▶ _Exercise aim_: Make an exact copy of the listing underneath, skipping each picture.

▶ _Collected material_:
※
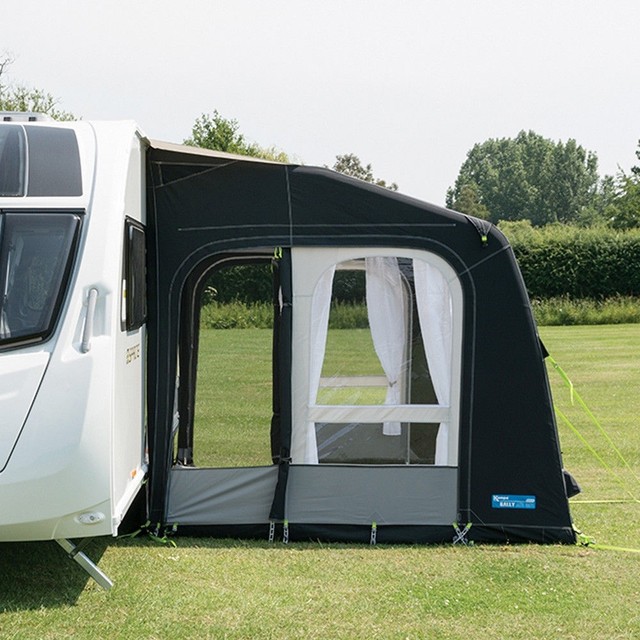 Kampa Dometic Rally Air Pro 330 Inflatable Caravan Awning 330 x 250 cm (CE7186) for sale online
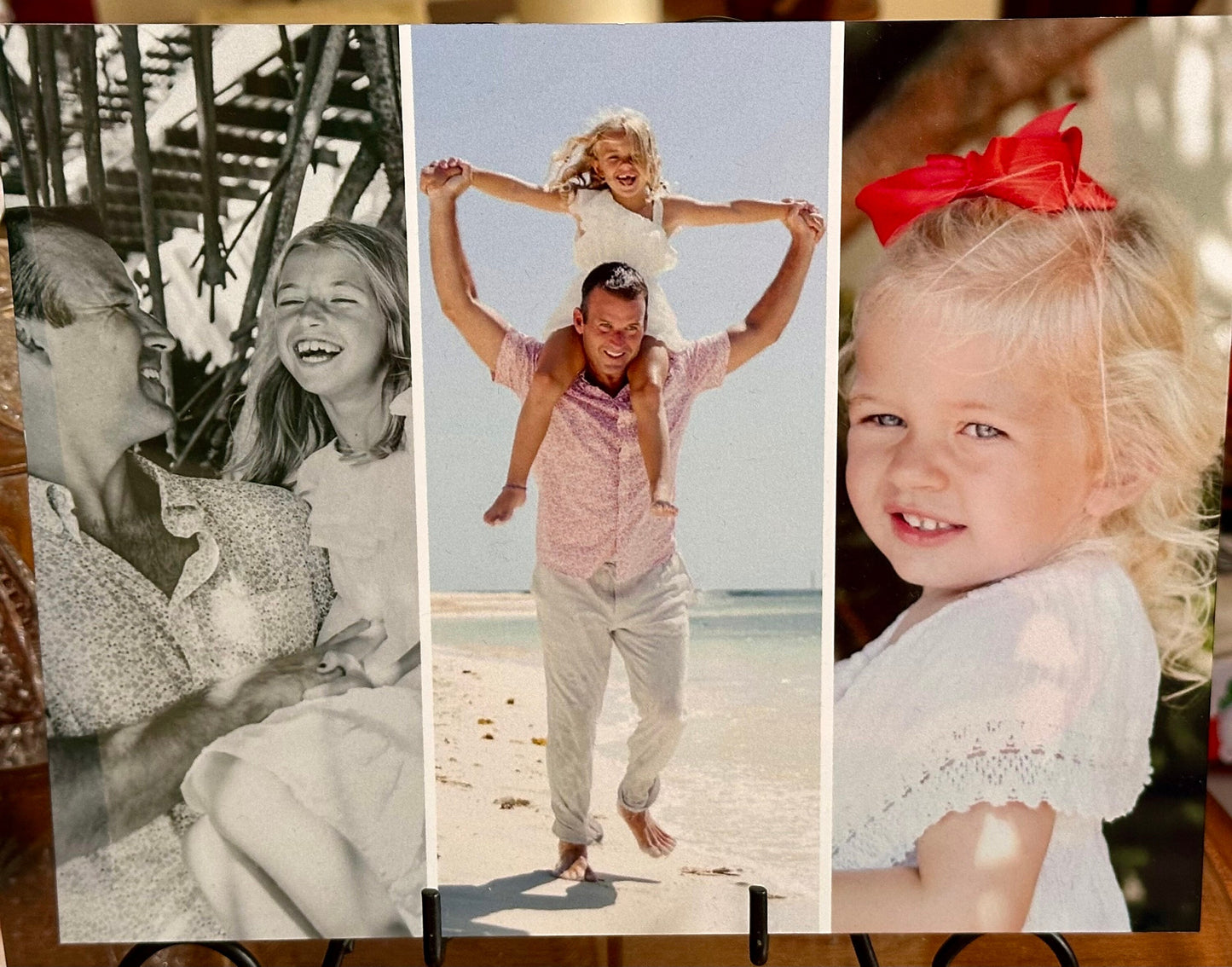 Metal Photo Print 8x10 or photo collage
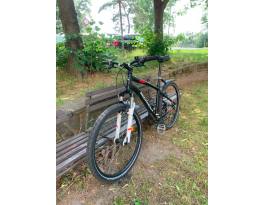Rockrider ST100 MTB, L-es, 27,5",defektvédett Schwalbe gumik
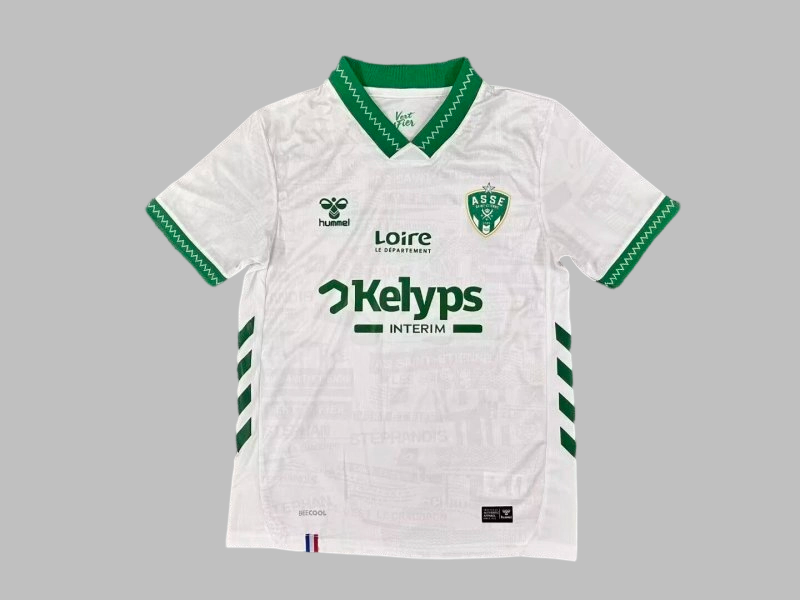 25-26 Saint Etienne Away Cheap Soccer Jerseys Yupoo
※
▶ _Result of the exercise_:
 Kampa Dometic Rally Air Pro 330 Inflatable Caravan Awning 330 x 250 cm (CE7186) for sale online
 Metal Photo Print 8x10 or photo collage
Rockrider ST100 MTB, L-es, 27,5",defektvédett Schwalbe gumik
 25-26 Saint Etienne Away Cheap Soccer Jerseys Yupoo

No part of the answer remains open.